_Exercise objective_
From the data that follows, print exactly the lines starting at the one containing "Liverpool Unlikely to" and ending at the one containing "TERRY OLDFIELD - SILENT"; include both of them and nothing more.

[Web page caption snippets]

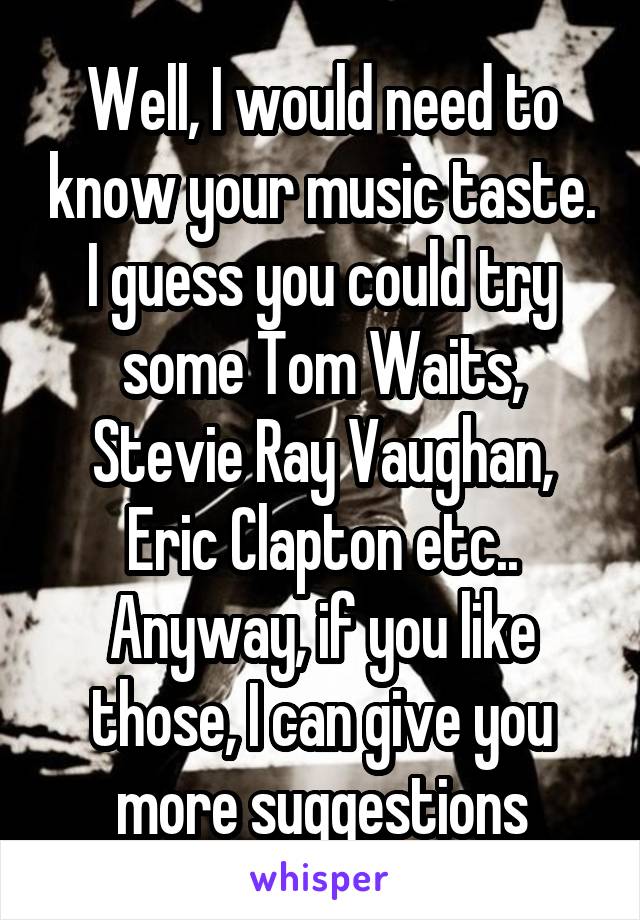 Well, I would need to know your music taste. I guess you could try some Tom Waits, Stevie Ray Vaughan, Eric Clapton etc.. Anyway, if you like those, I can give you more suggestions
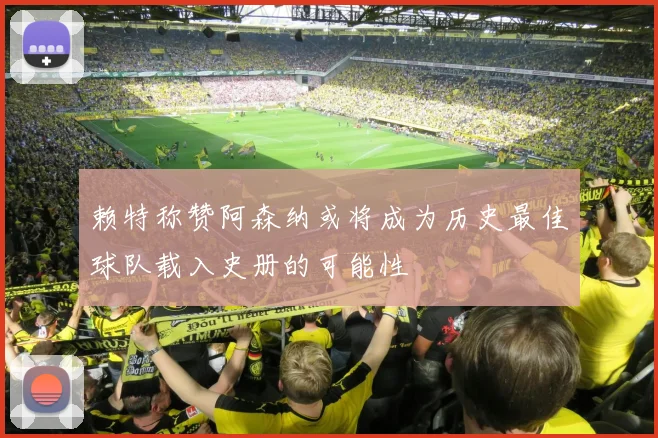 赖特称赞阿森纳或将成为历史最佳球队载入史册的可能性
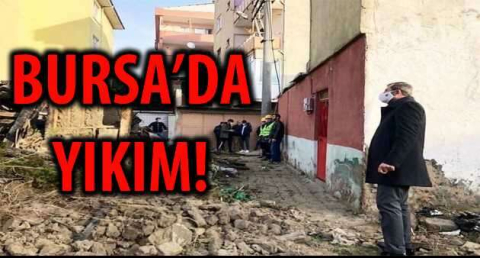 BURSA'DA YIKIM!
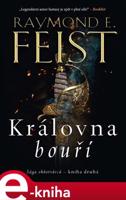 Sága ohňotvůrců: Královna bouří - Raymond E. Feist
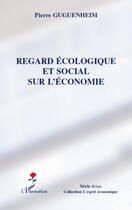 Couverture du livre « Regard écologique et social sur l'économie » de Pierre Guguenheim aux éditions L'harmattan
...
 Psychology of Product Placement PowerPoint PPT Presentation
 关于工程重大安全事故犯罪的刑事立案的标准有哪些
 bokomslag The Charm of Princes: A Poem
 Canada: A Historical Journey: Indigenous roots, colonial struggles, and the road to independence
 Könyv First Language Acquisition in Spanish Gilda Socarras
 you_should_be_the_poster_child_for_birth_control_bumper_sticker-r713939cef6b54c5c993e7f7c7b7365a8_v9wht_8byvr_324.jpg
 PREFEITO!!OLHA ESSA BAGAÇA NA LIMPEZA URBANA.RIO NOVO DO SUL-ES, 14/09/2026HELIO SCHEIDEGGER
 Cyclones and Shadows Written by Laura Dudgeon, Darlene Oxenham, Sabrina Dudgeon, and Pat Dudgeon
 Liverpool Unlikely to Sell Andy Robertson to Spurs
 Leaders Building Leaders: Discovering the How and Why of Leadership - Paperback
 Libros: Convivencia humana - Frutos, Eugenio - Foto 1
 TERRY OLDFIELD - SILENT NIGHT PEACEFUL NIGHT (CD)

_The completed task_
 Liverpool Unlikely to Sell Andy Robertson to Spurs
 Leaders Building Leaders: Discovering the How and Why of Leadership - Paperback
 Libros: Convivencia humana - Frutos, Eugenio - Foto 1
 TERRY OLDFIELD - SILENT NIGHT PEACEFUL NIGHT (CD)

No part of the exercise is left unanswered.